Depuis l’arrivée au pouvoir du président Iván Duque, le nombre de signalements de menaces et d’attaques visant des défenseurs que reçoit notre organisation croît de façon exponentielle. La situation est tellement grave que lors d’une visite récente dans le pays, le rapporteur spécial des Nations unies sur les défenseurs des droits humains a déclaré avoir été horrifié et consterné par la peur qu’ont exprimée des défenseurs lors des entretiens.

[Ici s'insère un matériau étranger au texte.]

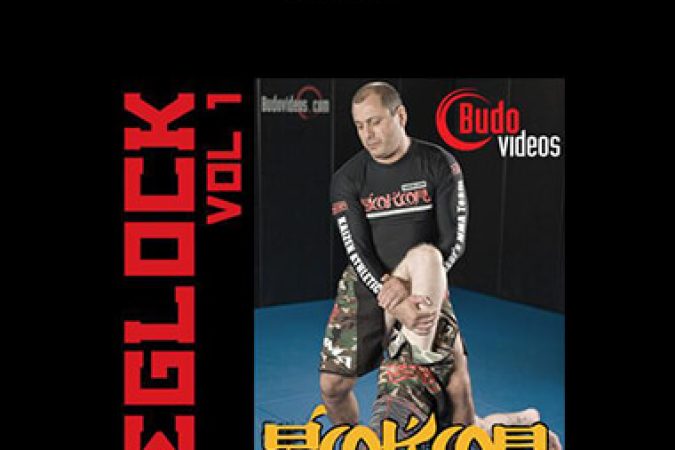 Leglock Encyclopedia with Gokor Chivichyan - Vol 1 onnline courses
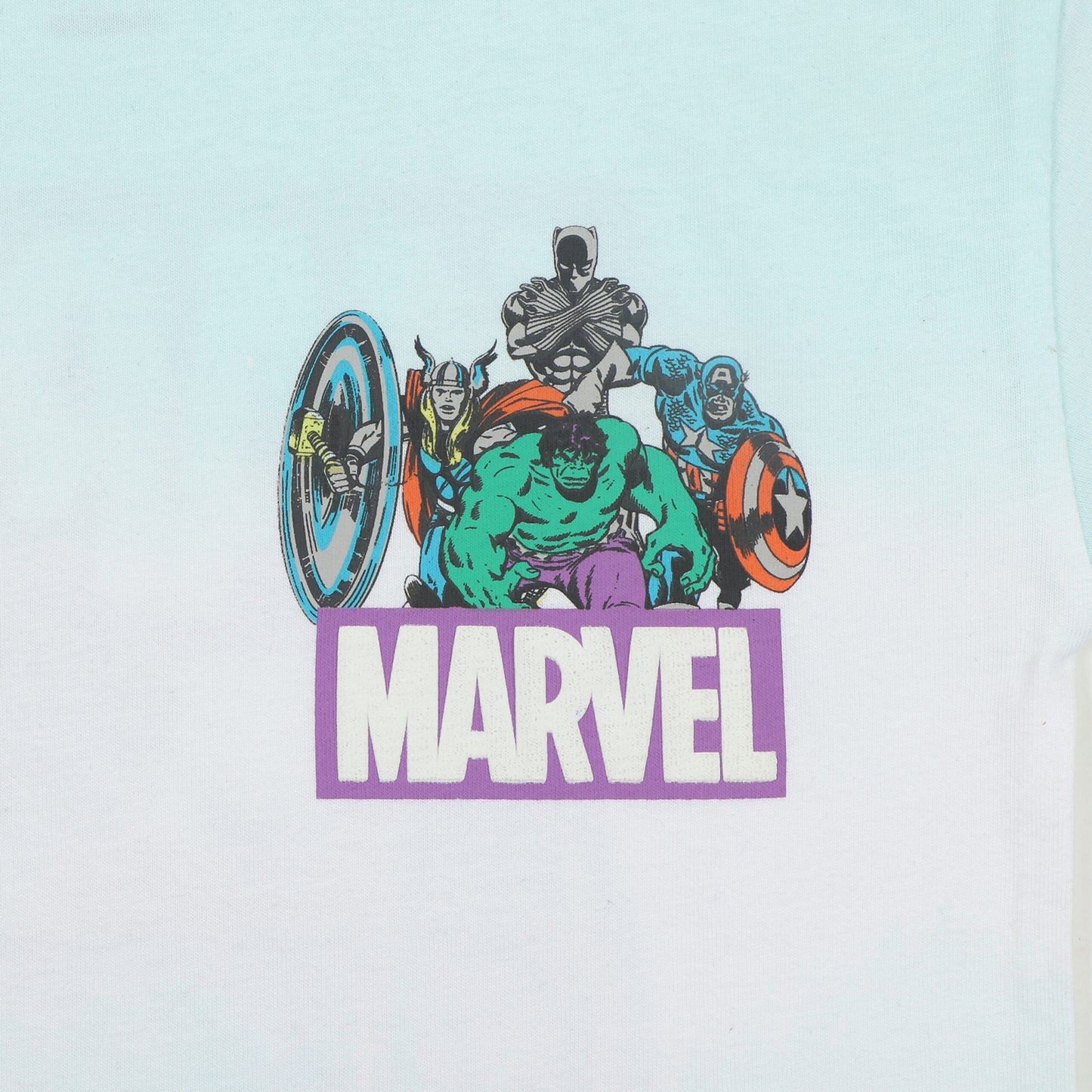 Marvel Super Hero Printed Boys T Shirt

En raison de la violence qui se propage sans aucune barrière partout dans le pays, les dirigeants de communautés et les défenseurs indigènes et afro-colombiens ainsi que les défenseurs des petits paysans, de l’environnement et des droits des femmes sont entraînés dans une course contre la mort. Ils craignent pour leur vie et celle de leurs proches, car ils ont vu des homologues et leurs familles être abattus, car ils ont vu des fonctionnaires responsables de mesures de restitution de terres menacés et empêchés d’entrer sur les territoires concernés, et car ils ont assisté, impuissants, à toutes ces violences, et constaté que les gilets pare-balles – l’une des mesures que l’État accorde dans un nombre de cas restreint – ne protègent pas contre les attaques mortelles.

Des défenseurs sont attaqués pour avoir osé revendiquer leurs droits et demandé à l’État le respect de l’obligation de rendre des comptes, et justice. Ils sont attaqués pour avoir demandé ce à quoi ils ont droit – la restitution des terres qui leur ont été prises pendant le conflit armé –, pour s’être opposés aux intérêts d’industries extractives et pour avoir attiré l’attention sur les conséquences qu’ont les mégaprojets sur l’environnement.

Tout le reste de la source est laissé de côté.